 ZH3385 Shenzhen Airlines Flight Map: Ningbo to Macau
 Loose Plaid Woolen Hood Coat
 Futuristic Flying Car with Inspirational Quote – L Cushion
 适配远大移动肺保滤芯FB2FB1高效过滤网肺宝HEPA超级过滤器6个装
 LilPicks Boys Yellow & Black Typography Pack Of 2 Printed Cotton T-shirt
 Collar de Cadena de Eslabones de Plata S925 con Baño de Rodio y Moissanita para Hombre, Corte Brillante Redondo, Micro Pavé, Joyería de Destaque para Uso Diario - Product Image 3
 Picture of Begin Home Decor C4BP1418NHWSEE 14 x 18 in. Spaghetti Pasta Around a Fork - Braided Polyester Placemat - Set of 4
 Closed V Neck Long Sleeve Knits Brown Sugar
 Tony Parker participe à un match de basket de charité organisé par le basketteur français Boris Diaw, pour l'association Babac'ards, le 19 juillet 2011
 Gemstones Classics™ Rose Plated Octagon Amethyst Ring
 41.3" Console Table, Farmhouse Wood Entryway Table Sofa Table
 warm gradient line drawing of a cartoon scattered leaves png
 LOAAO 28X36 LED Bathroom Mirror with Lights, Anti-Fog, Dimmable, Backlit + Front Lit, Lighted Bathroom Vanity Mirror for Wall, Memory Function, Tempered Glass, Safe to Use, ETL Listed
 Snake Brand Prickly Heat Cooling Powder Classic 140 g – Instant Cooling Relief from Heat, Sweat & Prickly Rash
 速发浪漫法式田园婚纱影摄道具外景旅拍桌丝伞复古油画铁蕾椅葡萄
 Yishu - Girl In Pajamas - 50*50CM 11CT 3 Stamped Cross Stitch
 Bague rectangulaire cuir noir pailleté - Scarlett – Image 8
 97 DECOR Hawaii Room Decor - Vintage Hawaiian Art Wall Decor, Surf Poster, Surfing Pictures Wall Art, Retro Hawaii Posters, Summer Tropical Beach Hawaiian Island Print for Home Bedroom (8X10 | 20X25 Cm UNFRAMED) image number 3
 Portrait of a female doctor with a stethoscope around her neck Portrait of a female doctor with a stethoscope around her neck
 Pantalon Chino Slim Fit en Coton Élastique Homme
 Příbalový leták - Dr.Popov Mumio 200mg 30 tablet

▶ **EXERCISE AIM**:
For this exercise, copy all of the material exactly as it stands.

▶ **EXERCISE RESULT**:
 ZH3385 Shenzhen Airlines Flight Map: Ningbo to Macau
 Loose Plaid Woolen Hood Coat
 Futuristic Flying Car with Inspirational Quote – L Cushion
 适配远大移动肺保滤芯FB2FB1高效过滤网肺宝HEPA超级过滤器6个装
 LilPicks Boys Yellow & Black Typography Pack Of 2 Printed Cotton T-shirt
 Collar de Cadena de Eslabones de Plata S925 con Baño de Rodio y Moissanita para Hombre, Corte Brillante Redondo, Micro Pavé, Joyería de Destaque para Uso Diario - Product Image 3
 Picture of Begin Home Decor C4BP1418NHWSEE 14 x 18 in. Spaghetti Pasta Around a Fork - Braided Polyester Placemat - Set of 4
 Closed V Neck Long Sleeve Knits Brown Sugar
 Tony Parker participe à un match de basket de charité organisé par le basketteur français Boris Diaw, pour l'association Babac'ards, le 19 juillet 2011
 Gemstones Classics™ Rose Plated Octagon Amethyst Ring
 41.3" Console Table, Farmhouse Wood Entryway Table Sofa Table
 warm gradient line drawing of a cartoon scattered leaves png
 LOAAO 28X36 LED Bathroom Mirror with Lights, Anti-Fog, Dimmable, Backlit + Front Lit, Lighted Bathroom Vanity Mirror for Wall, Memory Function, Tempered Glass, Safe to Use, ETL Listed
 Snake Brand Prickly Heat Cooling Powder Classic 140 g – Instant Cooling Relief from Heat, Sweat & Prickly Rash
 速发浪漫法式田园婚纱影摄道具外景旅拍桌丝伞复古油画铁蕾椅葡萄
 Yishu - Girl In Pajamas - 50*50CM 11CT 3 Stamped Cross Stitch
 Bague rectangulaire cuir noir pailleté - Scarlett – Image 8
 97 DECOR Hawaii Room Decor - Vintage Hawaiian Art Wall Decor, Surf Poster, Surfing Pictures Wall Art, Retro Hawaii Posters, Summer Tropical Beach Hawaiian Island Print for Home Bedroom (8X10 | 20X25 Cm UNFRAMED) image number 3
 Portrait of a female doctor with a stethoscope around her neck Portrait of a female doctor with a stethoscope around her neck
 Pantalon Chino Slim Fit en Coton Élastique Homme
 Příbalový leták - Dr.Popov Mumio 200mg 30 tablet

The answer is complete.